* TASK ITEM:
The records below are to be transcribed exactly, with the pictures removed.

------ ENTRIES SUPPLIED ------

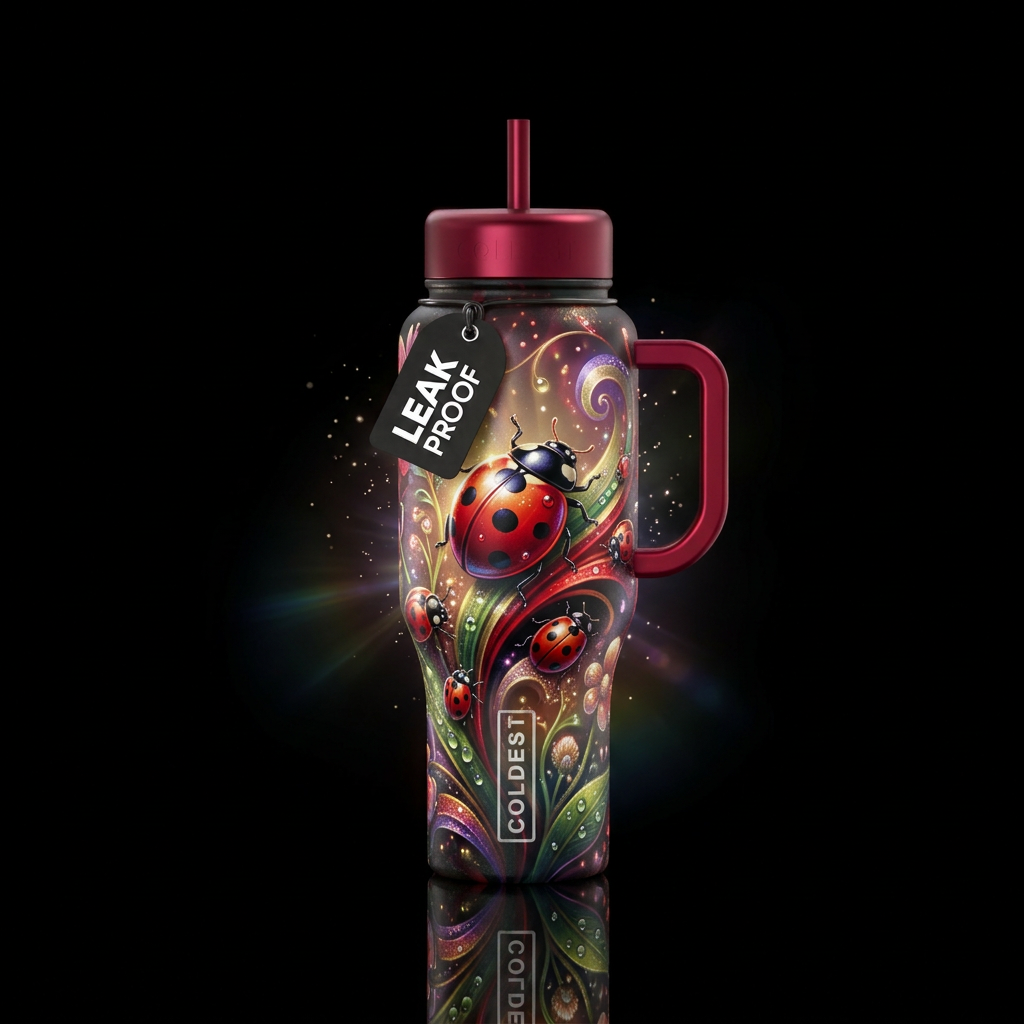 The Lady Bug water bottle design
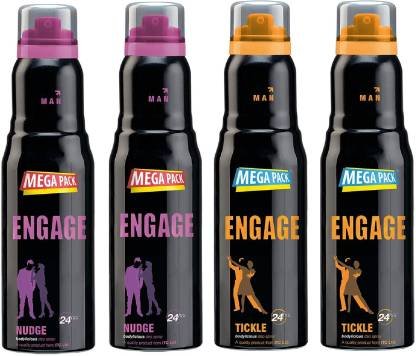 Engage Deo Combo, 2 Nudge (220ml) & 2 Tickle (220ml), Deodorant Spray (Pack of 4)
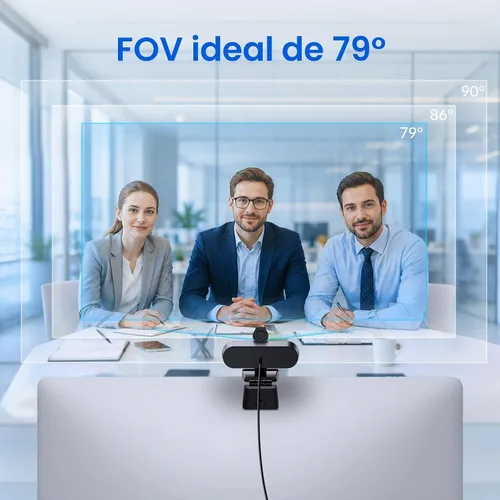 Vista 6 de Cámara web 4K para PC con enfoque automático dual PDAF y CDAF, Ultra 4K HD, 2 micrófonos de reducción de ruido, corrección automática de luz, USB-A
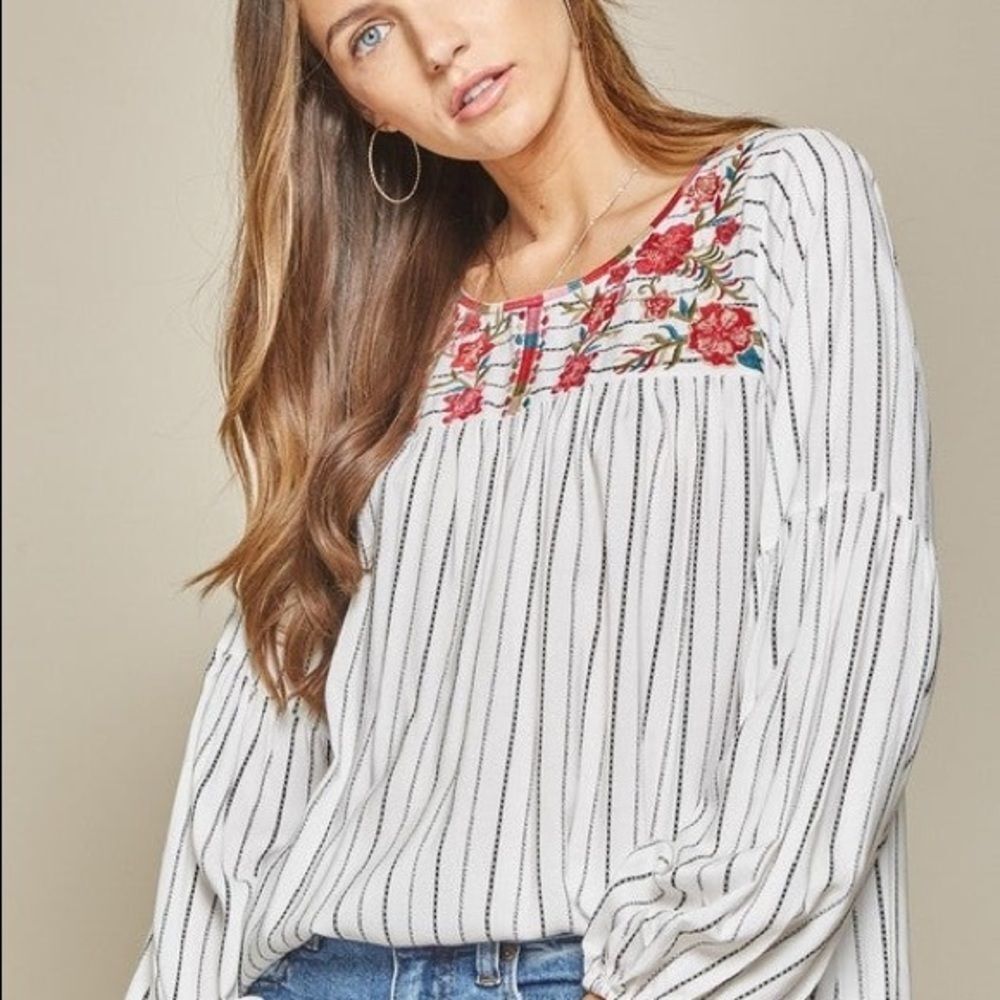 Embroidered Detail Top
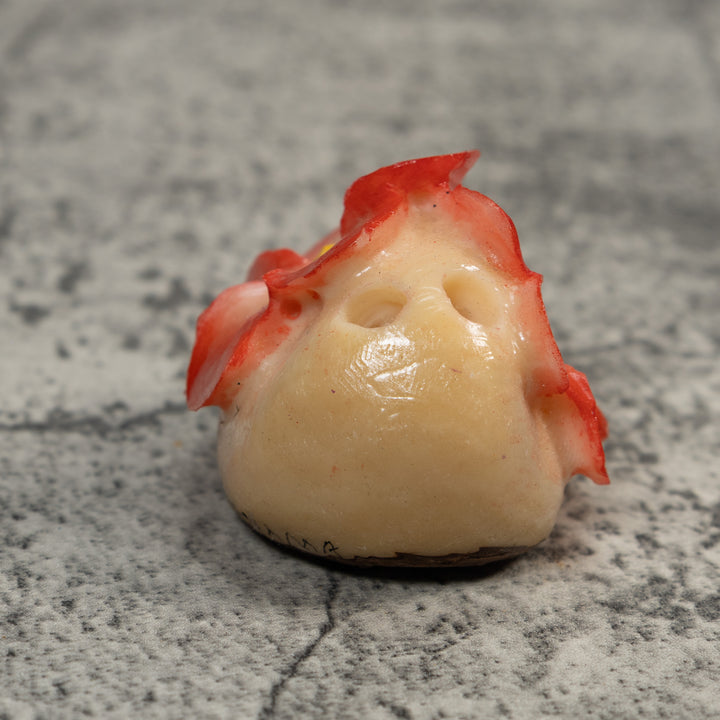Double Red Flower Petals Tagua Carving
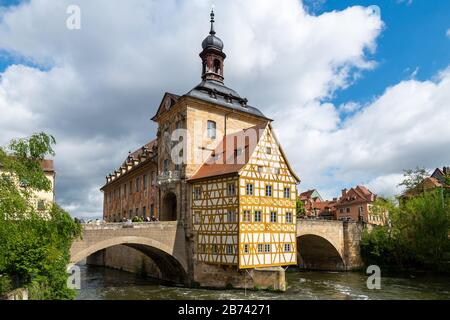 Il vecchio municipio di Bamberg, Germania Foto Stock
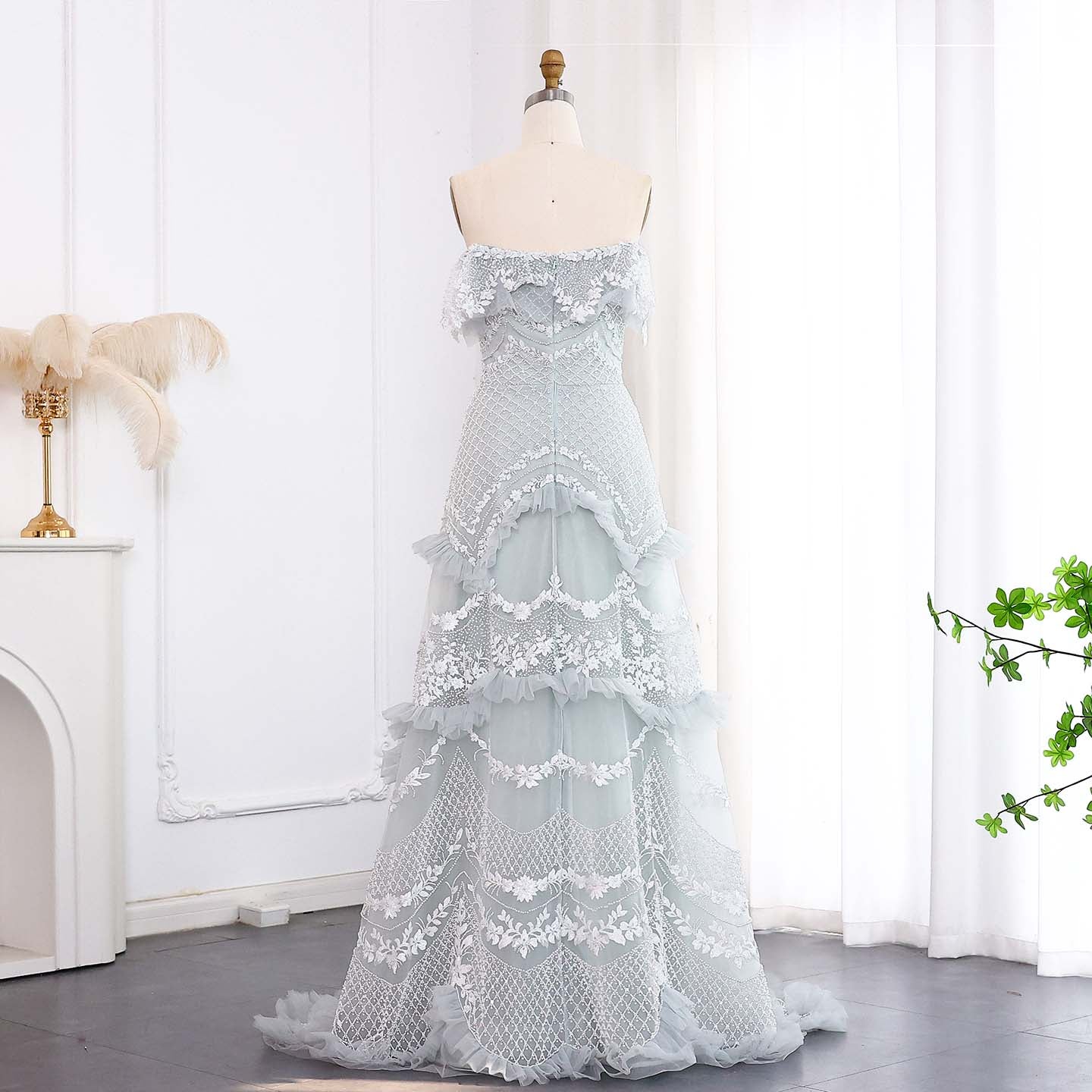 Luxury Pearls Silver Gray Off Shoulder A-Line Evening Dress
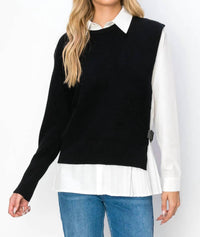 Joh - Wyatt Cotton Pleated Shirt With Knitted Sweater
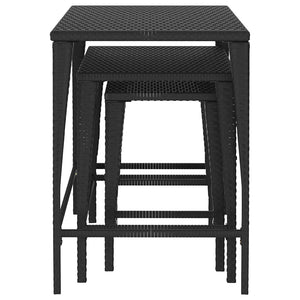 Garten Satztische 3er Set Schwarz Rattan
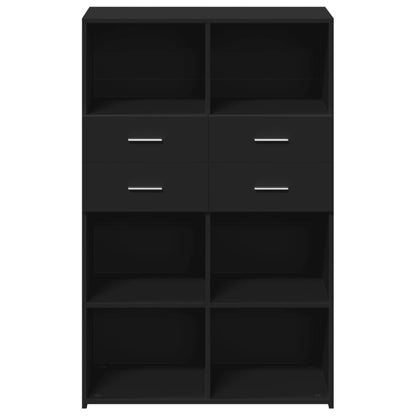 Highboard Black 80x42.5x124 cm Engineered Wood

------

* EXERCISE SOLUTION:
 The Lady Bug water bottle design
 Engage Deo Combo, 2 Nudge (220ml) & 2 Tickle (220ml), Deodorant Spray (Pack of 4)
 Vista 6 de Cámara web 4K para PC con enfoque automático dual PDAF y CDAF, Ultra 4K HD, 2 micrófonos de reducción de ruido, corrección automática de luz, USB-A
 Embroidered Detail Top
Double Red Flower Petals Tagua Carving
 Il vecchio municipio di Bamberg, Germania Foto Stock
 Luxury Pearls Silver Gray Off Shoulder A-Line Evening Dress
 Joh - Wyatt Cotton Pleated Shirt With Knitted Sweater
 Garten Satztische 3er Set Schwarz Rattan
 Highboard Black 80x42.5x124 cm Engineered Wood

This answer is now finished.